===== EXTRACTED INFORMATION

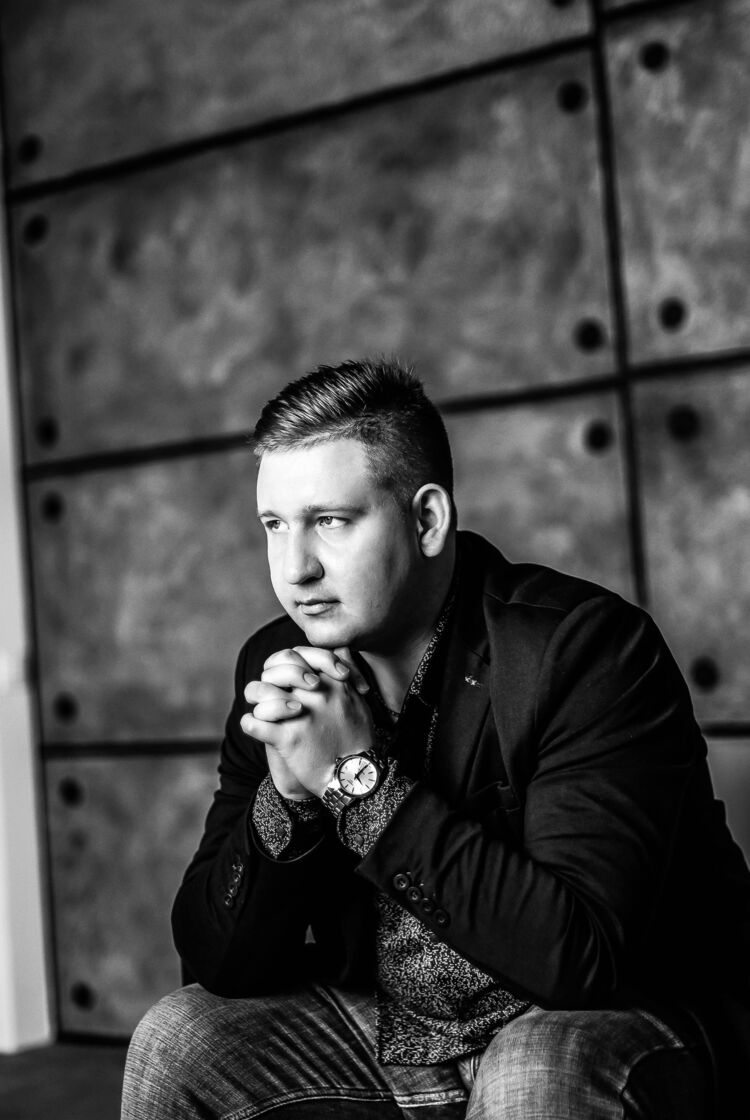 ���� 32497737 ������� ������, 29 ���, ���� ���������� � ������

==========
===== EXTRACTED INFORMATION

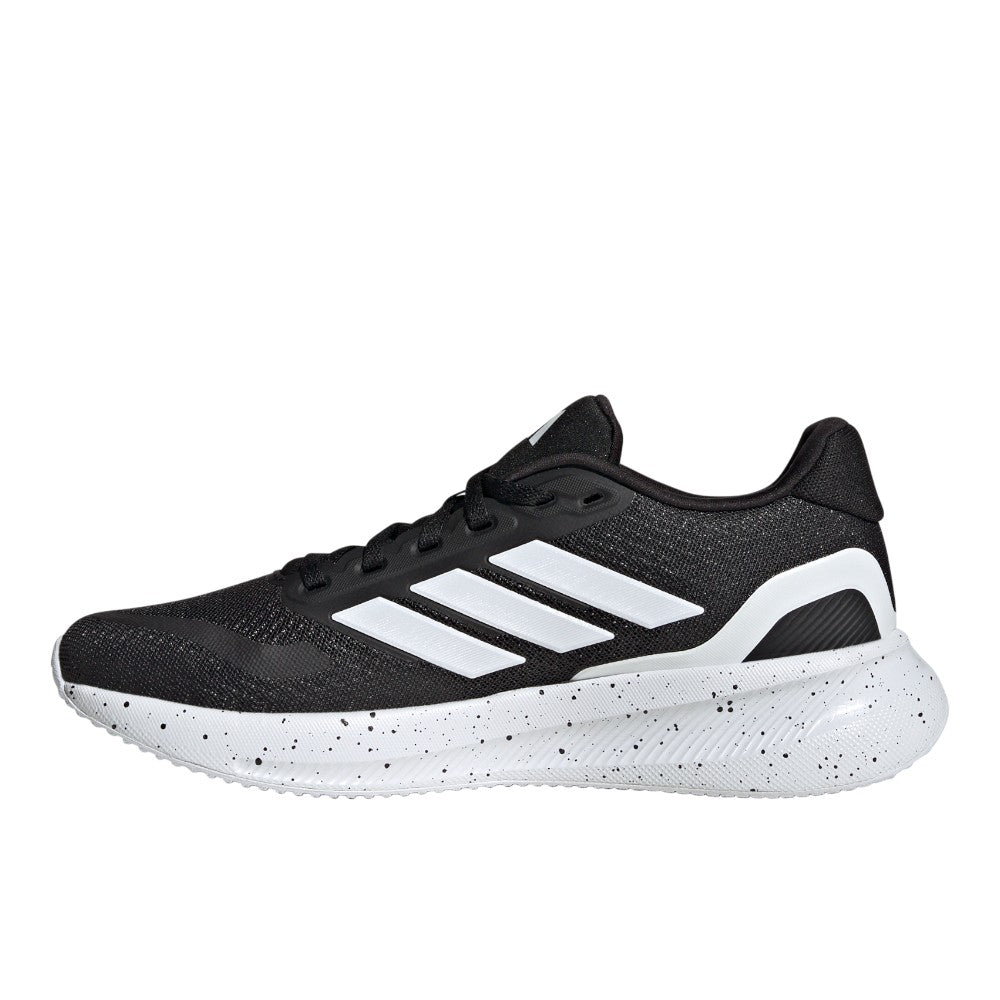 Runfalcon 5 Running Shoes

==========
===== EXTRACTED INFORMATION

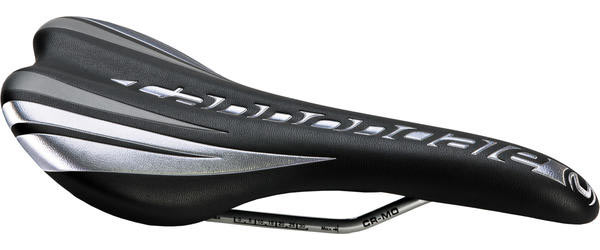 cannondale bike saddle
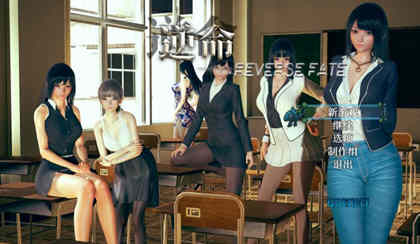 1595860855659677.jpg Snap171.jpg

==========

Your copy should hold the lines from the one with "cannondale bike saddle" up to and including the one with "1595860855659677.jpg Snap171.jpg", exactly as in the data above, and no pictures.

TASK SOLUTION
 cannondale bike saddle
 1595860855659677.jpg Snap171.jpg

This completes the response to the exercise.